Suite à cet échange épistolaire, durant 2 mois, un groupe de 13 mollahs nommés par Khomeiny ont, selon les archives de Montazéri, jugé et ordonné l’exécution de 2800 à 3800 prisonniers sans que ce dernier ne proteste à nouveau ou ne claque la porte, ce qui aurait à ce moment fait de lui un dissident. Il est resté sagement au côté de Khomeiny en attendant de lui succéder en récompense de ses services à la révolution comme l’incendie du cinéma Rex. La disgrâce dont parlent les médias français est arrivée 8 mois plus tard en mars 89.

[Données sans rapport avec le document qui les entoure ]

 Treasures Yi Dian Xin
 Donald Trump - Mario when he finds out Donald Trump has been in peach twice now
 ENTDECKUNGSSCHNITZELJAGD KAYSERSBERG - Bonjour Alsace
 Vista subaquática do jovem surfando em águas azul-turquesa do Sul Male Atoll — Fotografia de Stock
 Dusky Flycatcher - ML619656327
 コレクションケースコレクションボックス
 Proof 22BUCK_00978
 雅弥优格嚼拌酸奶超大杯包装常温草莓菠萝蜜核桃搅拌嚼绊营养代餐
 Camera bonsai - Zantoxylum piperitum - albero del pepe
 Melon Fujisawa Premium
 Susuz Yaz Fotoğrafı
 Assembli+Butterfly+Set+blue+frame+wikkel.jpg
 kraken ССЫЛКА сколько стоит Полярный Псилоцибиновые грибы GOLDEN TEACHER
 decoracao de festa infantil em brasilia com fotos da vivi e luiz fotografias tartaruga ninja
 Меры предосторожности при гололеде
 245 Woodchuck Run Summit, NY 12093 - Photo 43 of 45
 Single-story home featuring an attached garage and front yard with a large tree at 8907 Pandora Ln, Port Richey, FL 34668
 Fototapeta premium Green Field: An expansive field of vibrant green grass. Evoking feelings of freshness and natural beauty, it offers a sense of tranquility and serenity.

mythe de disgrâce | Les médias français se trompent car cette disgrâce différée a été officiellement liée à la soi-disant lettre d’opposition à l’exécution des prisonniers Moudjahiddines, mais ces médias négligent les détails essentiels de cette liaison annoncée. Montazéri a été destitué, accusé d’avoir communiqué à la BBC sa lettre à Khomeiny pour une lecture à l’antenne. Cela n’a pas de sens car il avait envoyé cette lettre à Khomeiny, c’est ce dernier qui avait la lettre. Il aurait donc été impossible à Montazéri de livrer à la BBC cette lettre qu’il n’avait plus depuis 8 mois et pourquoi faire ?

En fait, il a été assez rapidement établi que la lettre de destitution n’avait pas pu être écrite par Khomeiny alors gravement malade, mais par son fils aîné Ahmad qui était son scribe particulier depuis des mois. La comparaison des lettres écrites par l’un ou l’autre le confirme. Par ailleurs, en tant que secrétaire particulier de Khomeiny, Ahmad était le seul à avoir accès à sa correspondance, donc le seul à pouvoir envoyer la lettre à BBC pour discréditer Montazéri.

En fait, Ahmad n’avait rien contre le mari de sa tante, il était en train d’éliminer le candidat du clergé chiite iranien, organe qui avait été écarté du pouvoir par les amis ou les membres de la famille Khomeiny qui étaient alors à tous les postes clefs et n’allaient pouvoir y rester après le décès de Khomeiny.

Après avoir éliminé Montazéri, Ahmad a révélé l’existence d’un testament inconnu de Khomeiny (encore un faux) qui désignait Khamenei à sa succession alors que ce dernier n’avait pas les qualités professionnelles requises pour accéder à la magistrature suprême. Le premier geste de Khamenei en tant que Guide suprême a été d’organiser un référendum pour remanier la constitution afin de donner l’ensemble de ses pouvoirs au Conseil de Discernement de l’Intérêt du régime, organe créé 1 an plus tôt par un certain Rafsandjani (demi-frère de Khomeiny). Ce dernier s’est alors transformé en patron politique du régime pour une durée indéterminée, puisque les membres du Conseil de Discernement sont nommés à vie. Il est à ce moment devenu clair que Rafsandjani était derrière les fausses lettres.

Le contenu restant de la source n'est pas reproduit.